A new campaign wants to add another bold idea into the mix: “Ban Surveillance Advertising.” In an open letter posted today, the coalition defines surveillance advertising as “the practice of extensively tracking and profiling individuals and groups, and then microtargeting ads at them based on their behavioral history, relationships, and identity.” That business model is at the heart of how Facebook and Google make money. And, the letter argues, it’s harming society. It spurs an arms race for user attention, which in turn incentivizes algorithms that favor polarizing and extreme content and groups. It helps Google and Facebook dominate the market for digital advertising at the expense of the news media. In short, the letter concludes, the surveillance advertising model gives companies a financial motive to build products that “stoke discrimination, division, and delusion.” The letter is signed by 38 groups, including privacy-focused institutions like EPIC, human rights organizations like Avaaz, and antimonopoly groups like the Open Markets Institute—plus the creators of the documentary The Social Dilemma.
Exactly one year ago, I published an article with the somewhat cheeky headline, “Why Don’t We Just Ban Targeted Advertising?” At the time, the idea that this practice should simply be prohibited was, I wrote, “quietly gaining adherents,” but it was hardly a movement: a journalist here, a tech founder there, a few law professors. The notion was still in its infancy.
A lot has happened since then to change people’s attitudes. The Covid pandemic has been accompanied by waves of online scams and dangerous health-related misinformation. (Remember “America’s Frontline Doctors”?) The racial justice movement sparked by the killing of George Floyd brought civil rights groups more deeply into discussions of how hate speech travels online. And the viral spread of conspiracy theory movements like QAnon and “Stop the Steal” showed how far the country has drifted from living in a shared reality. These concerns all point back to the power of online platforms to shape America’s (and the world’s) information ecosystem, and the incentives that determine how they wield that power.
“I was frankly shocked by how much appetite there was for this, and by how receptive folks were to the pitch,” said Jesse Lehrich, a cofounder of the advocacy group Accountable Tech. According to a January poll commissioned by Accountable Tech, 81 percent of respondents said they would be in favor of reforms to “ban companies from collecting people’s personal data and using it to target them with ads.” By contrast, only 63 percent said they supported breaking up companies like Facebook and Google, another idea that has been proposed by lawmakers like Elizabeth Warren.
Lehrich decided to take aim at surveillance advertising after the assault on the Capitol on January 6, which seemed to confirm many people’s worst fears about the real-world consequences of online discourse. He ran it by Sarah Miller, the executive director of the American Economic Liberties Project and a former member of the Biden administration transition team, who helped refine the idea. The two then reached out to other groups in their networks.

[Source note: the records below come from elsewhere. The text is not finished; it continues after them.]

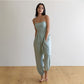 Fashion Personality Women's Fitness Sports One-piece Jumpsuit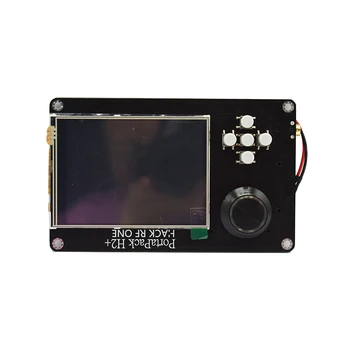 Lusya 3.2 Colių Jutiklinis LCD PORTAPACK H2 Konsolės 0,5 ppm TXCO Su 2100MAh Baterija HackRF SDR Imtuvas Kumpis Radijo C5-015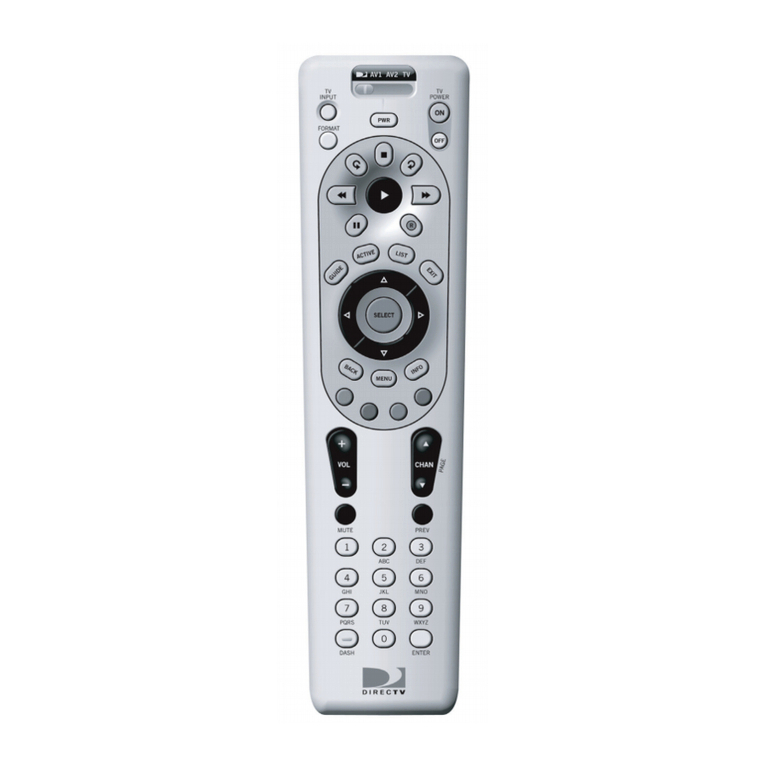 DirecTV RC66 user manual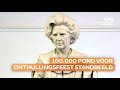 Ophef over kosten onthulling beeld van Margaret Thatcher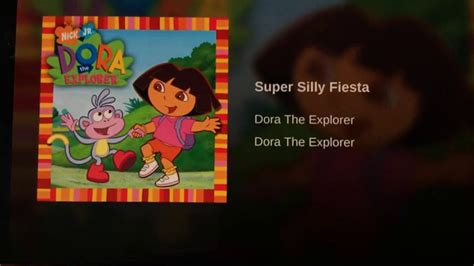 Dora The Explorer Super Silly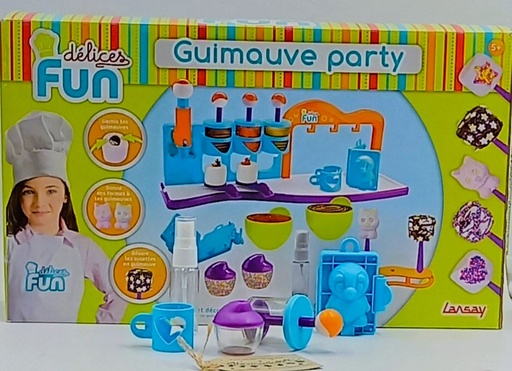 Délices fun "Guimauve party" - LANSAY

The coalition argues that banning surveillance advertising should come in addition to, not at the expense of, other reforms. “We refer to it as this regulated competition approach,” said Morgan Harper, a senior adviser at the AELP. Competition reforms like structural separations and breakups, she said, go hand in hand with outlawing troubling business practices. “But if you just rely on the regulation, it can actually serve to entrench the market power of these platforms and not really do anything to improve the competitive landscape.”